■ Entries supplied ■
★ ★ ★ ★
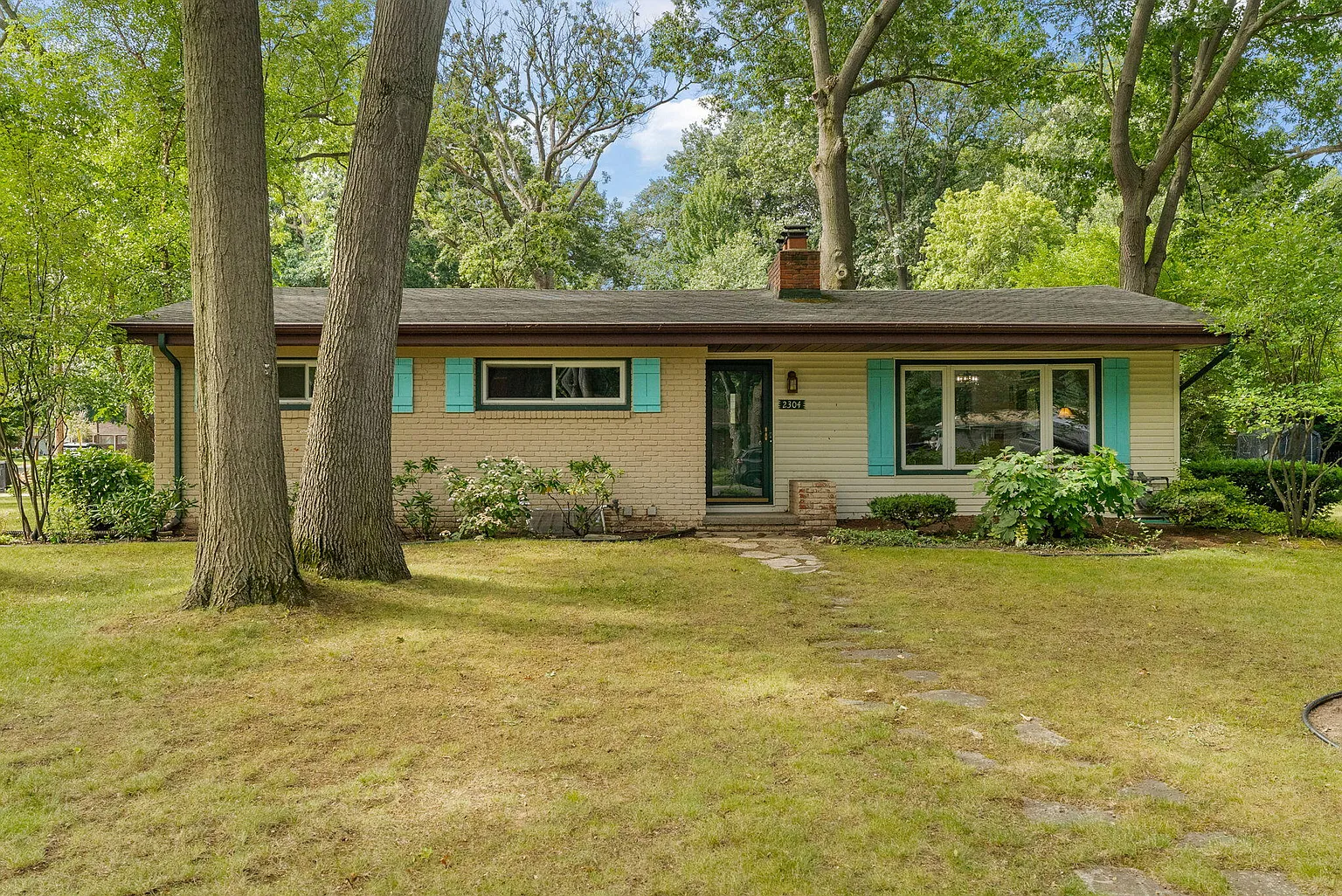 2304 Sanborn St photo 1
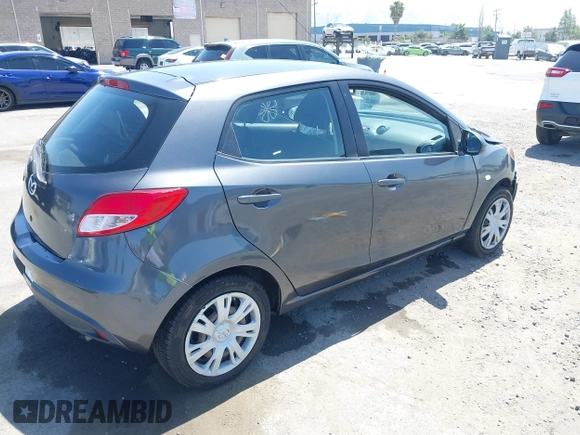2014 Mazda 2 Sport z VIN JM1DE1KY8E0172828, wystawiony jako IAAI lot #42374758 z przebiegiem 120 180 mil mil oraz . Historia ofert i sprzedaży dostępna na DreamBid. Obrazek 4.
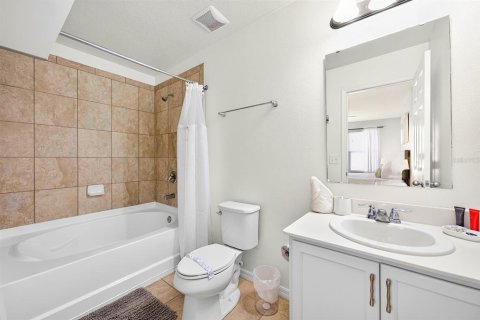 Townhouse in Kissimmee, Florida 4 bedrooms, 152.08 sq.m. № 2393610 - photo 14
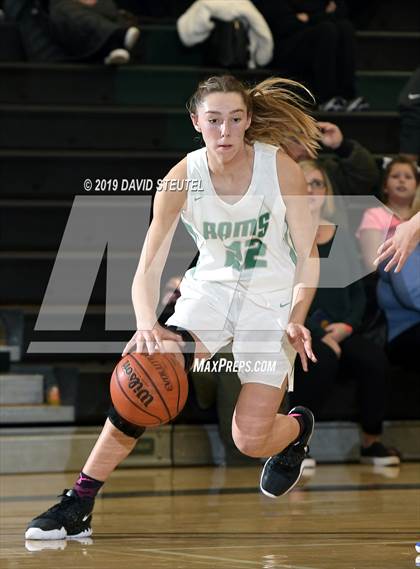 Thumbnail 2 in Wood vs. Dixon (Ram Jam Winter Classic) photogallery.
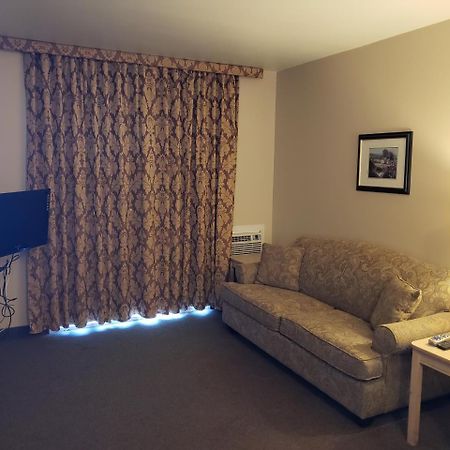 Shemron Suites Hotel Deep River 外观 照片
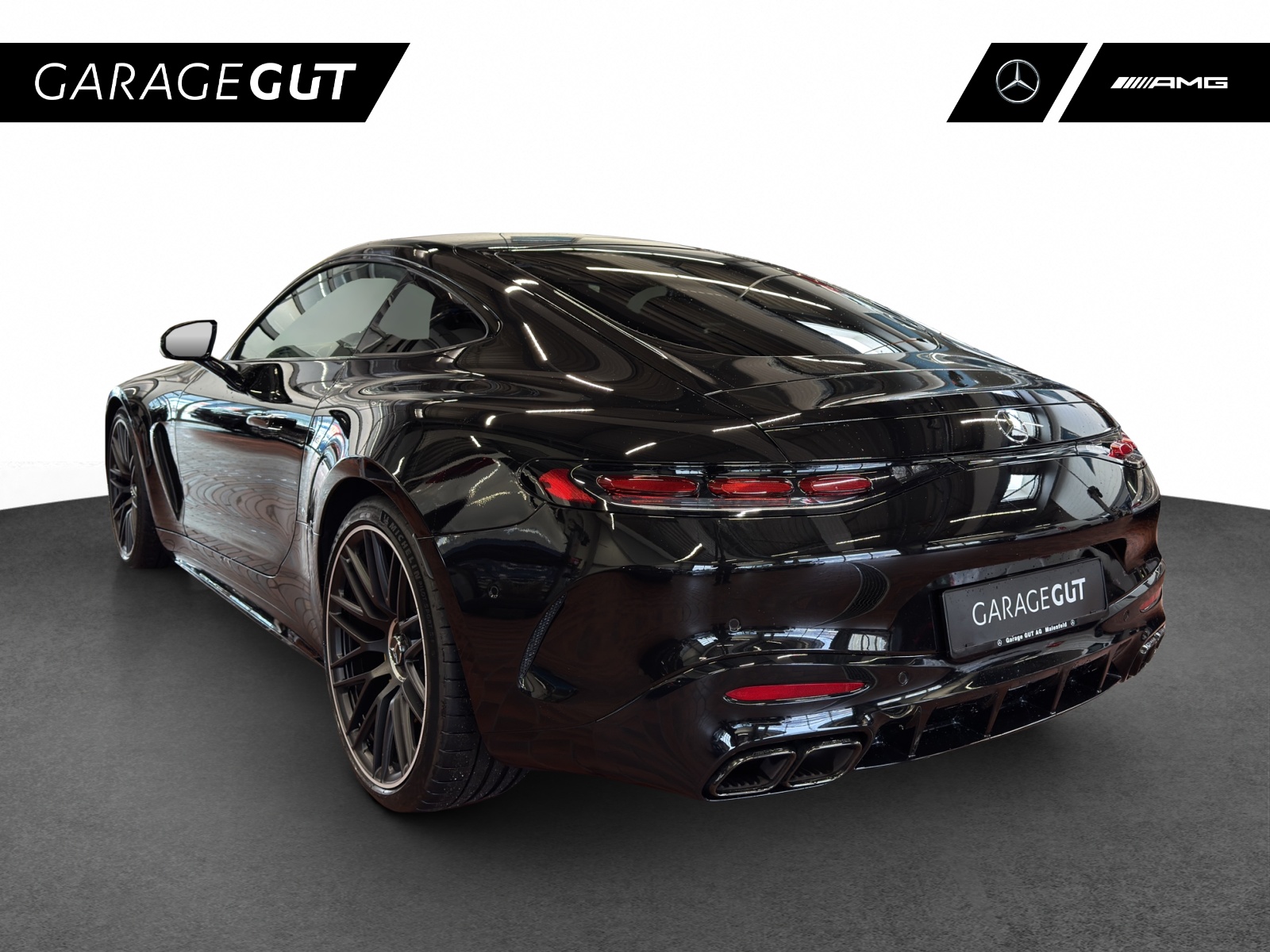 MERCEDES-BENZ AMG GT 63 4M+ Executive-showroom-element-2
★ ★ ★ ★
■ Action item ■
Find the line with "Townhouse in Kissimmee, Florida". Return it and each line after it through the end of the data, exactly, without pictures.

■ Exercise answer ■
 Townhouse in Kissimmee, Florida 4 bedrooms, 152.08 sq.m. № 2393610 - photo 14
 Thumbnail 2 in Wood vs. Dixon (Ram Jam Winter Classic) photogallery.
 Shemron Suites Hotel Deep River 外观 照片
 MERCEDES-BENZ AMG GT 63 4M+ Executive-showroom-element-2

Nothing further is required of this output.